When my book “iceberg tea” first came out, people would look at me like I was an angel who had recently descended from heaven. “You’re published,” they would say, with awe in the voices. I’d look back askance and say, “I’ve been published for 30 years. All that’s changed is the packaging.”
There is a mystique about publishing a book and all the stuff that I’d published in newspapers and magazines, including all of the stories in “iceberg tea” which were originally published as columns, didn’t seem to matter. You’re not a real author until you have a book.
To be honest, I’ve bought into that mystique myself. Why else would I have been wanting to publish a book for nearly as long as I’ve been writing? To be really honest, I’ve always had an inferiority complex as a writer because I hadn’t published a book.
It never made any sense.
The process is the same whether you’re writing a book or a magazine article: you sit in front of a computer in a room by yourself and either laugh manically or weep uncontrollably as you pound out the words; or you sit in front of the computer and wonder why you’re such an idiot because you can’t think of a single word to write. And just because something is published in a book doesn’t make it good—in fact some magazine articles are better crafted and more interesting than many books. They can also have bigger readerships.

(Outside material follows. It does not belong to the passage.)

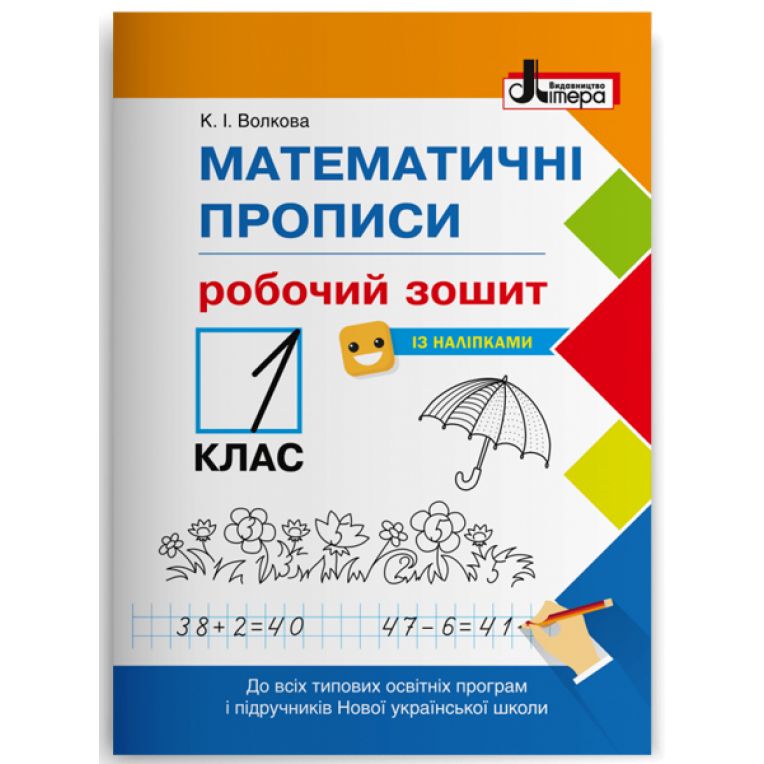 НУШ Математичні прописи. Робочий зошит. 1 клас (українською мовою)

None of that matters to the critic that remains camped out in a shady corner of my mind no matter how many years I’ve tried to get rid of him. He would often go to sleep, but when somebody would say raise an eyebrow when I identified myself as a magazine writer he would wake up and hiss “you are nothing unless you have a book.”
Now that I have a book, I have to admit to certain elation when I see the piles of my own books in the book store. There is a lightness in my step and I feel a little more real a bit more three-dimensional than I did before.
Bit at the same time as the world (and myself) finally sees me as a legitimate writer, I am spending less time writing, and more time being an author—promoting myself and my book. At least so far. I find myself asking: “isn’t writing what the whole thing was supposed to be about in the first place?”
It’s all very strange.
Annelies, you are an angel. Reading this made me feel I am not alone with all these emotions I have in me about writing. You are an angel who inspires.